Yes, the culture is changing--and accelerating. The publishing industry reflects that transformation. Information can be transmitted faster and more specifically through digital media. Movies, as even Norman Mailer has acknowledged, are the dominant entertainment medium. Television is superior at capturing the moment.
So where does that leave publishing? In that necessary and useful place between information and entertainment, a realm in which stories can be told and ideas can be articulated, meticulously and artfully, for all time. As jobs go, it is a difficult but important one.
Jonathan Karp is a vice president and senior editor at Random House. His authors include the late Mario Puzo, Po Bronson and Sen. John McCain.
The statement you ask us to respond to about the current situation for publishing in America sounds like it was written by Chicken Little. It's all gloom and doom; or in the words of the immortal fowl, "The sky is falling. The sky is falling." But the sky has always been falling for publishers ever since the first day of modern publishing when Gutenberg got his machine to run and then checked the heavens before darting off for some sausage and beer for lunch. Is it difficult for publishers to acquire and sell "difficult yet important writing"? Well, sure, but in a year when the Harvard University Press sold between 15,000 and 20,000 copies of Walter Benjamin's "The Arcades Project" and about 5,000 copies of Michael Hardt and Antonio Negri's "Empire"--books that are about as difficult and important as I can imagine--I have to count my lucky stars and believe that everything is possible in America. I thank the gods that it is possible to publish such books and survive to tell the tale.
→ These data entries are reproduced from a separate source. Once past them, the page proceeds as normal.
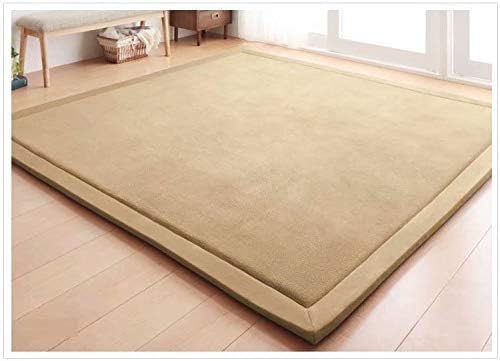 Baby Play Mat, Handmade Weaving Plush Foam Play Crawling Rugs for Baby, Children Play Blanket, Yoga Mat, Exercise Mat-Cushy- Soft & Thick Hypoallergenic, Non-Toxic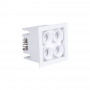 LED Einbaustrahler eckig 8W - Osram LED - UGR18 - 48x48mm Einbauöffnung - einbaufedern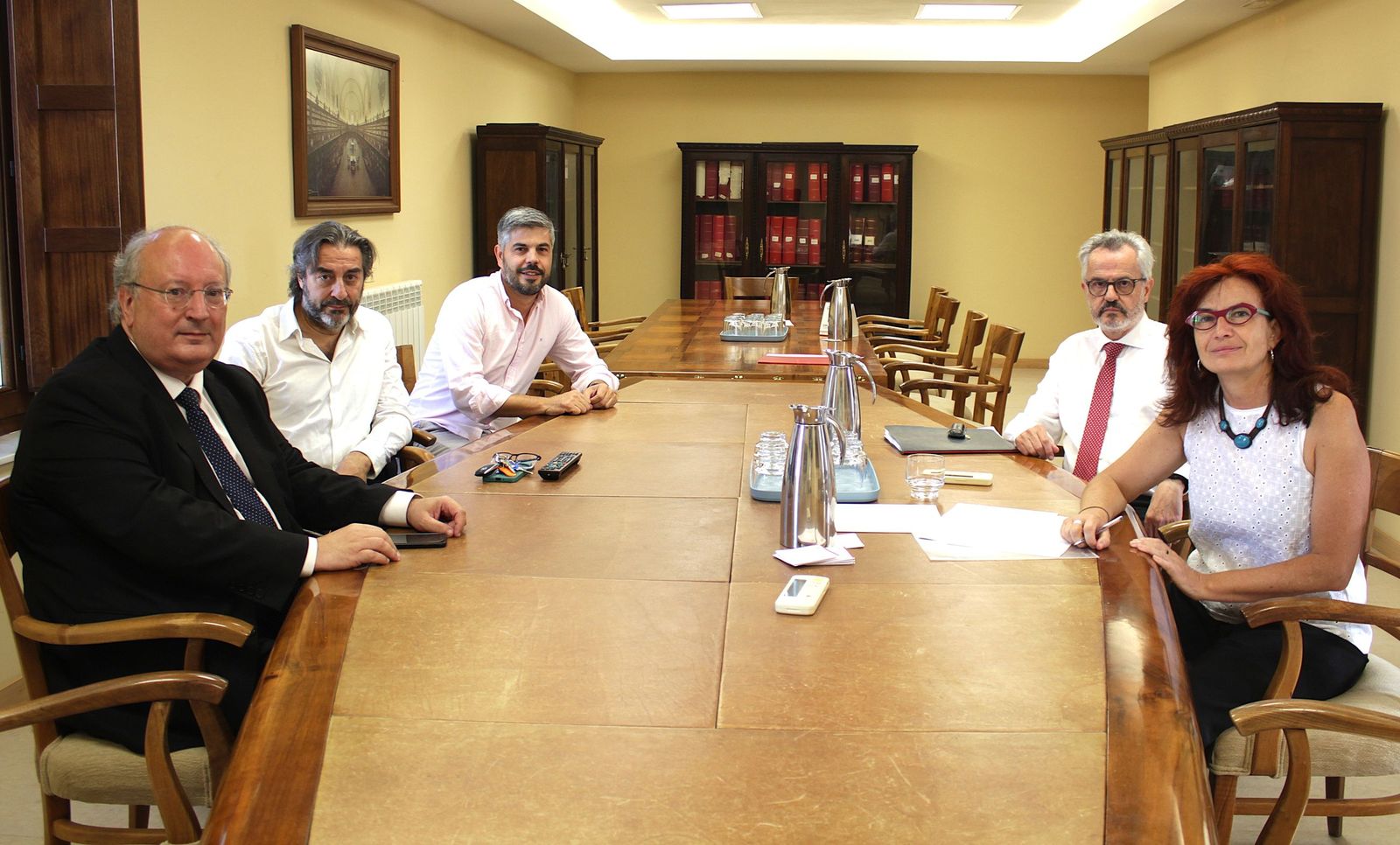Víctor Daniel Lozada, ganador del Premio Jesús García-Bernalt, y Josema García Hormigo, reconocido con un accésit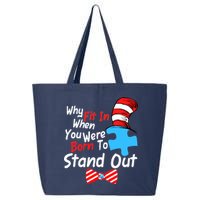 Autism Awareness Why Fit In When You Were Born To Stand Out Puzzle 25L Jumbo Tote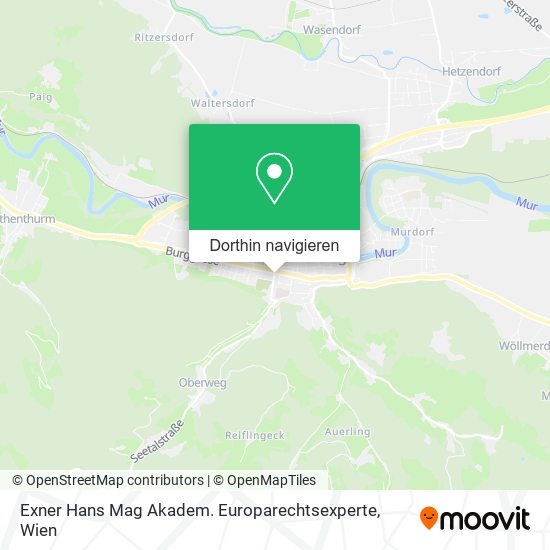 Exner Hans Mag Akadem. Europarechtsexperte Karte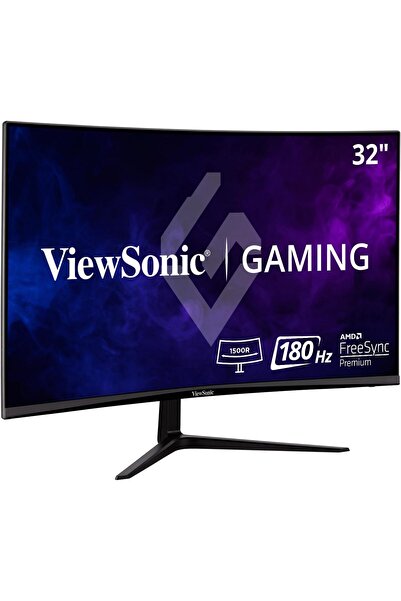 ViewSonic VX3218-PC-MHD 32-inch 1080p HD Curved Gaming Monitor, 165Hz, 1ms, D...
I guess I belong to the Pollyanna school of publishing whose motto is: Quality sells. I reject the pessimism in the statement you ask me to address. I don't think publishers need to make a choice between losing their shirts and losing their immortal souls. The environment may be hostile in a general way to the exercise of the intellect on paper that comes bound between covers, but it seems to me that ever since the success of Umberto Eco's "Name of the Rose," Douglas Hofstadter's "Godel, Escher, Bach" and E.O. Wilson's "Sociobiology," we have evidence that there is a market for serious fiction and nonfiction. The rise in this market parallels the rise in the market for serious coffee, although it does not equal it. That's why the books and the coffee are sold side by side in stores across the country. The growth of bookstore chains has led to increased sales not just for shlock but for quality. Look at the success of publishers getting Edward W. Said, Michel Foucault, Stephen Hawking, Stephen Jay Gould, Judith Butler, Patricia J. Williams, Richard Posner and Martha Nussbaum into the homes and minds of thousands.
The interest in such authors has only grown from year to year among people in the Boomer generation and older. Will such growth go on? There is a big problem emerging for publishing and there is nothing publishers can do about it. Your statement touches on it when it talks of the "advent of electronic technologies" threatening to transform "reading itself." Exactly right. Figures gathered by the Consumer Book Industry Study Group show that, overall, people 30 years of age and younger are simply not buying books. That is not because they are buying e-books. The changes that are coming to book publishing are coming not from the Internet, but because of technologies developed much earlier in the 20th century for recording and selling music and motion pictures. The plain truth is that the culture of literacy is waning because people have found alternative ways of developing a sense of themselves as selves which was always the most important product of the experience of reading. People will continue to crave artworks and their desires to become engaged in artforms will be satisfied by newer media.